Falling from Grace
- First edition
- Author: Jane Godwin
- Language: English
- Genre: Fiction, Mystery
- Publisher: Penguin Australia
- Publication date: 2006
- Publication place: Australia
- Media type: Print (hardcover)
- Pages: 187
- ISBN: 978-0-8234-2105-3
- OCLC: 81916765
- LC Class: PZ7.G54377 Fal 2007

= Falling from Grace (novel) =

Book by Jane Godwin

Falling from Grace is a mystery novel for young adults by Jane Godwin. It is set in Victoria, Australia and was first published in 2006.
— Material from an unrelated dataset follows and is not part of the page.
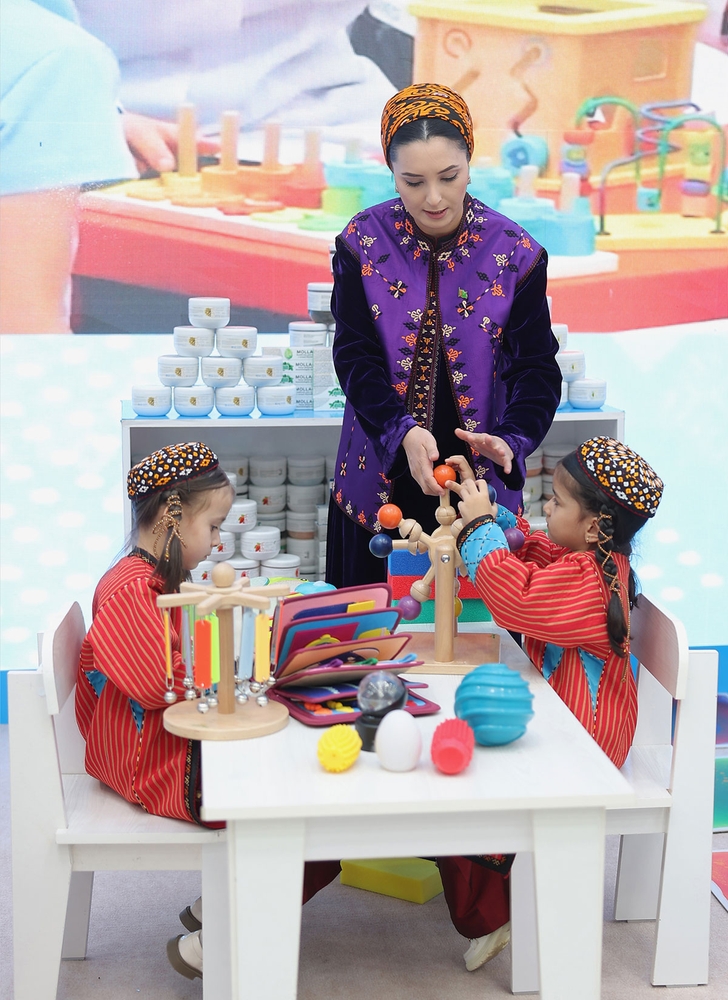 TÜRKMENISTANDA GENDER SYÝASATY DABARALANÝAR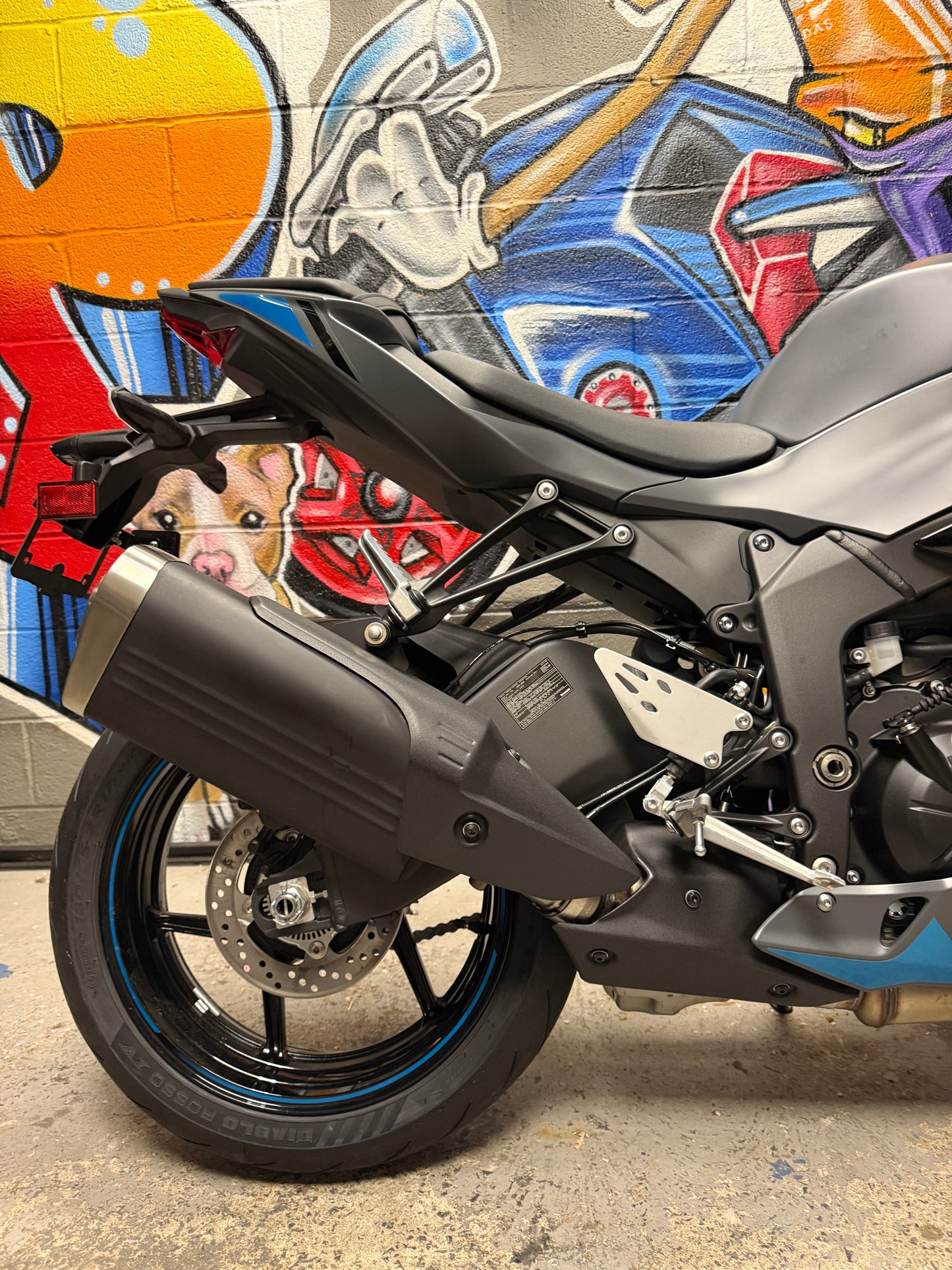 2025 Kawasaki Ninja ZX6R w ABS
It is studied at Years 7 and 8 level.

==Plot summary==
Young sisters Annie and Grace squeeze in one last game of "Tracking" with their dad at the seashore, the beach by Point Nepean. There is a storm coming and it is getting dark. Annie, younger by eleven months and more agile than Grace, scrambles up the side of a steep hill. Grace struggles to follow when suddenly the ground falls away. The search for her begins, but is hampered by bad weather. The police become convinced that the young man, Kip, who found Grace's backpack on the beach, and Ted, who was too inebriated to remember much of what he did that night on the beach, may have had something to do with her disappearance. The police initially are unable to successfully interrogate Ted, but as the story is gradually assembled, it looks worse and worse for Kip and Ted, the longer Grace cannot be found.

==Writing style==
Falling from Grace is written in alternating narration between Kip, Grace and Annie (Grace's younger sister). Only 3 short chapters are narrated by Grace. They are not very clear either since she has been lost for a few days.

==Reception==
Kirkus Reviews wrote "Annie and Kip tell this riveting story of disappearance and search in alternating voices laced with insights about their own journey from innocence to experience."